The ORR at week 25 will be compared between the vimseltinib arm and placebo arm using a two-sided Cochran-Mantel-Haenszel test stratified by the randomization stratification factors (tumor location and region). The test will be performed at a 0.05 alpha level on the ITT population; a 95% CI for the proportion in each arm and for the difference in proportion will be presented. Participants who do not have any postbaseline assessment will be considered nonresponders.

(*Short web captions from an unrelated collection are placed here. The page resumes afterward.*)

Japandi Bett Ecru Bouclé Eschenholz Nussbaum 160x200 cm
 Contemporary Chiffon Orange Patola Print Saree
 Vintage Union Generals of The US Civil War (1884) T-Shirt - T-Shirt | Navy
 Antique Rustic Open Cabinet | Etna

Secondary efficacy end points

Most secondary efficacy end points will be analyzed using a mixed model for repeated measurements in which the dependent variable will be the change from baseline. Each of these models will include fixed effects for treatment group, time point, treatment group by time point interaction, stratification factor for region (USA vs non-USA), stratification factor for tumor location, and the baseline value of the corresponding end point. Statistical comparisons between treatment groups will be made at the specified time point.

Missing data

All available data will be included in data listings. Unless specified in the individual end point analysis, missing data will not be imputed except for the purpose of identification of TEAEs and prior or concomitant medications or procedures with a missing start or end time.

Ethics

This study is being performed in accordance with the Declaration of Helsinki and is consistent with International Conference on Harmonisation and Good Clinical Practice guidelines. Applicable local regulatory requirements are being followed, and the investigators ensure that this study is conducted in full conformity with Regulations for the Protection of Human Subjects of Research. The investigators ensure that each study participant is fully informed about the nature and objectives of the study and possible risks associated with participation, and obtain written informed consent from each participant before any study-specific activity is performed.

Conclusion

The methodology of the MOTION study is a strength in that the two-part design will allow for initial blinded efficacy and safety analyses, as well as exploratory analyses during the open-label phase of the trial. Additionally, the placebo crossover aspect of the trial may provide additional support for efficacy and safety of vimseltinib in the open-label period. A crucial aspect of this trial will be the analysis of PRO measures, as it will be important to demonstrate that vimseltinib treatment results in clinically meaningful benefit. Similarly, it will be important to show that vimseltinib is not associated with hepatotoxicity. The results of this study will help define the potential use of vimseltinib in this population of patients who need additional treatment options to preserve physical functioning and improve quality of life.